WHAT IS NEEDED: In the listing below, find the line with "Retainers are used" and copy every line from there up to and including the line with "Hi friends, welcome", exactly and without pictures.

PROVIDED ENTRIES:

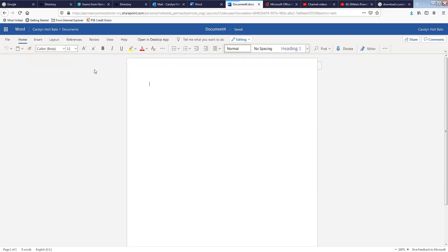We're going to go through some tutorials for you so you can study for your Microsoft Office exams that are worth college credit. This is how you would get into Word.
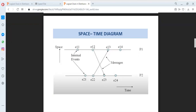E1,2 is a message sending event and E2,3 is a message receiving event. And again E2,2 is a message sending event and E1,3 is a message receiving event. So from process P1 we are sending a message to process P2, and from process P2 we are sending a message — that is event E2,2 — to process P1, that is event E1,3.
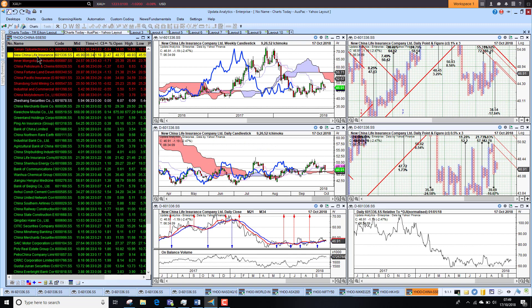That's it for today for Asia Pacific. Keep an eye out for our European and U.S. updates. Until tomorrow, happy charting, see you then.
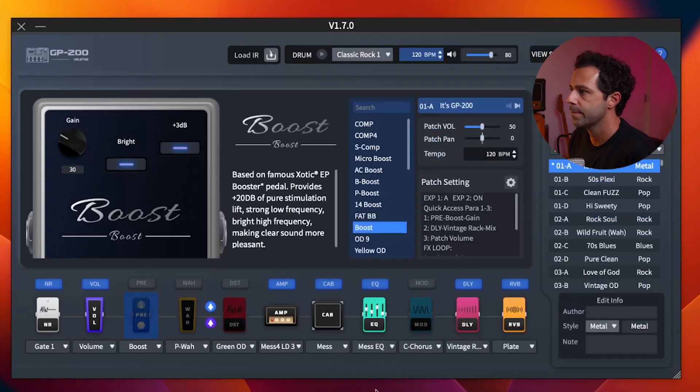Now let me show you how to actually get NAM tones into your GP200. You just find a NAM file — you can get free ones online or even create your own with the capture tool. Files usually have a .nam extension. You can find some awesome NAM files on the website tone3000.com — I'll leave a link in the description below.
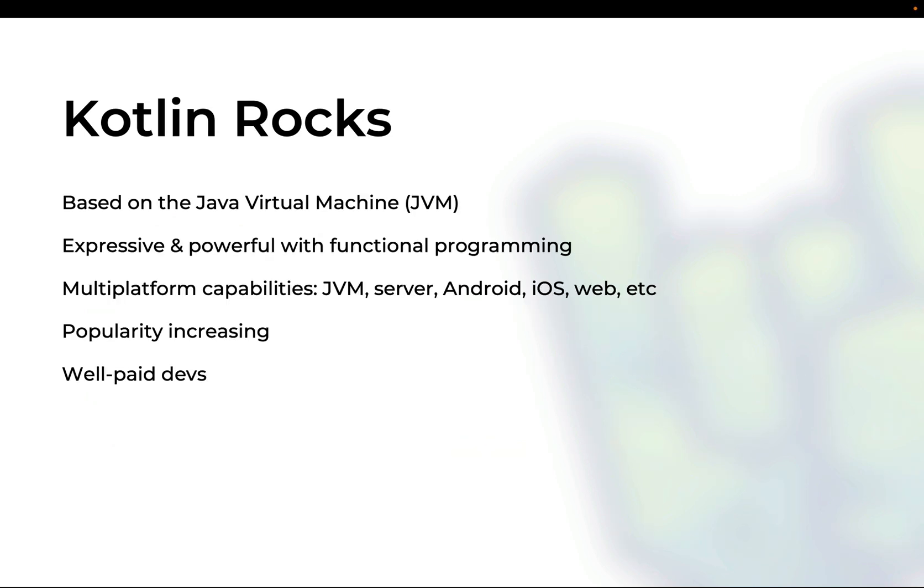Now Kotlin is an amazing programming language. It runs on top of the Java virtual machine but not only. It's also a multi-paradigm language in the sense that you can style your code differently so it supports multiple modes of thinking including functional programming and it offers multi-platform capabilities so you can use the same Kotlin code to run JVM applications for server side or Android or multi-platform applications including the web and even iOS. Its popularity has been increasing and the developers are increasingly well paid.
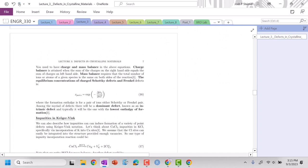You can have reactions that form here too. Now next time we are going to get into extrinsic reactions in Kroger-Vink notation. See you all then, thanks bye.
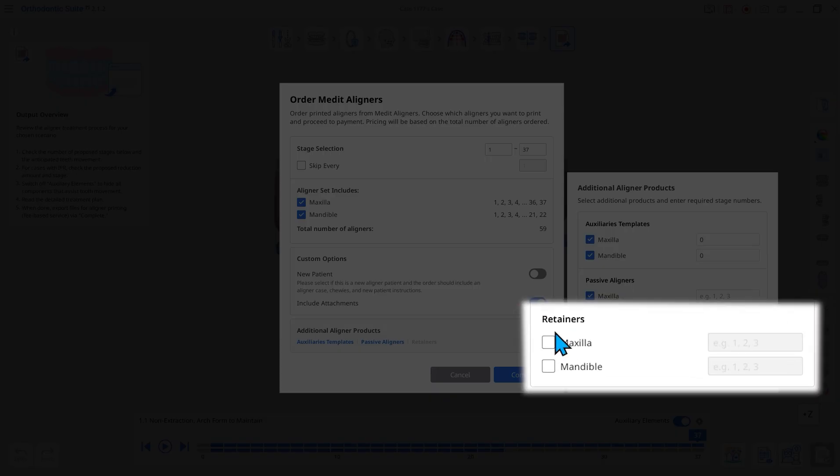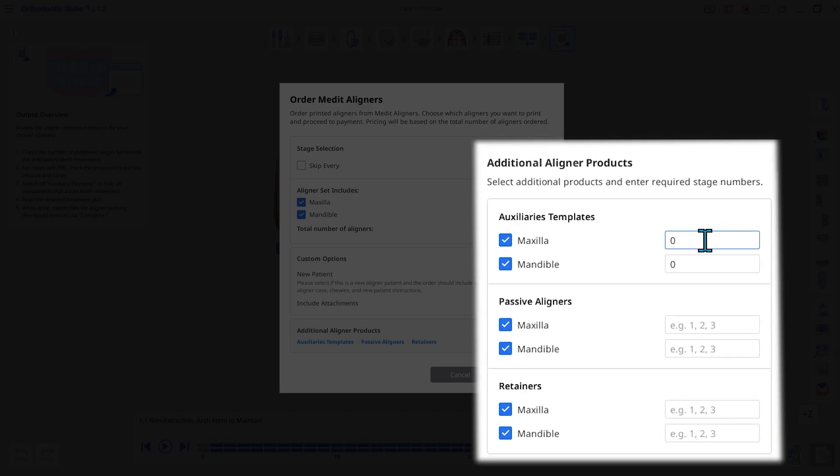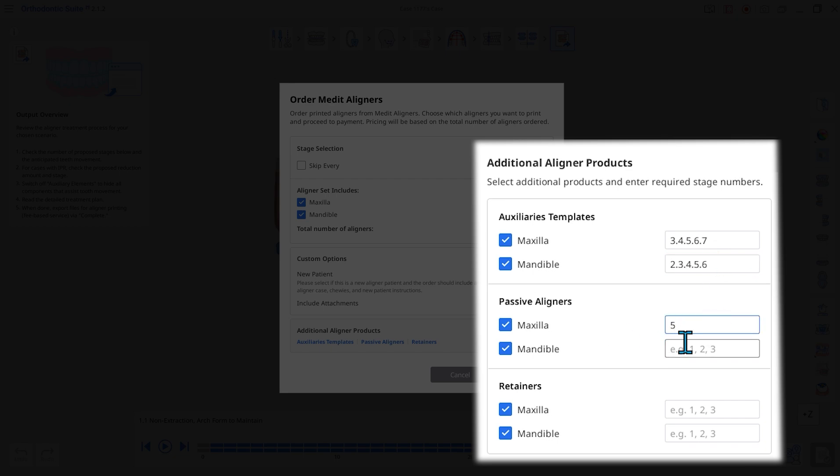Retainers are used to hold teeth in position after treatment is complete. You can order each product by filling in the required stage numbers for the upper and lower arches in the blanks on the right.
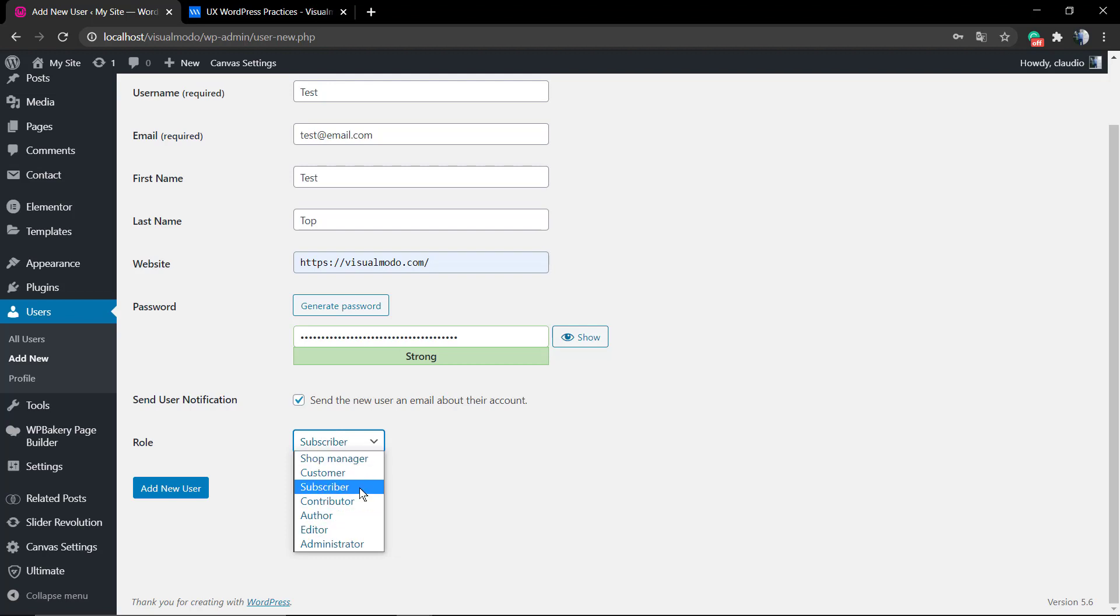A shop manager, customer, subscriber, contributor, author, and editor. But if you want someone to do things on your site and have power to delete, update, or even create new users, you're gonna add the role administrator.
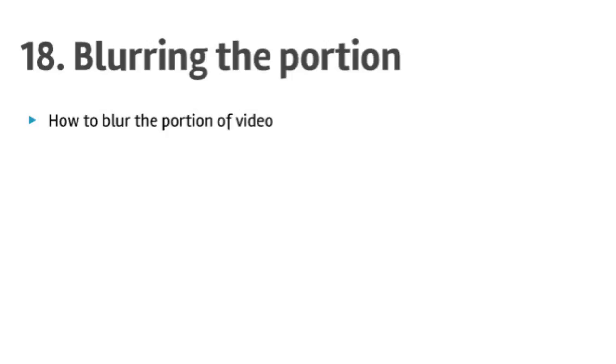Hi friends, welcome to lecture number 18 on blurring portions of video in PowerDirector. In this lecture, we'll see how to add the blurring effect to a specific portion or the entire video.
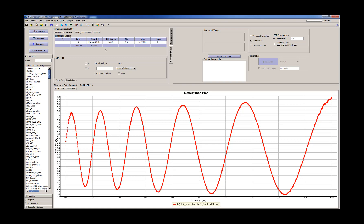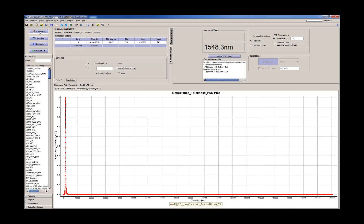So the first thing we'll do is estimate approximately the thickness. We'll just select the thickness as a calculated parameter, use the thick film algorithm and calculate. So it gives us about 1.5 microns.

RESPONSE AREA:
Retainers are used to hold teeth in position after treatment is complete. You can order each product by filling in the required stage numbers for the upper and lower arches in the blanks on the right.
A shop manager, customer, subscriber, contributor, author, and editor. But if you want someone to do things on your site and have power to delete, update, or even create new users, you're gonna add the role administrator.
Hi friends, welcome to lecture number 18 on blurring portions of video in PowerDirector. In this lecture, we'll see how to add the blurring effect to a specific portion or the entire video.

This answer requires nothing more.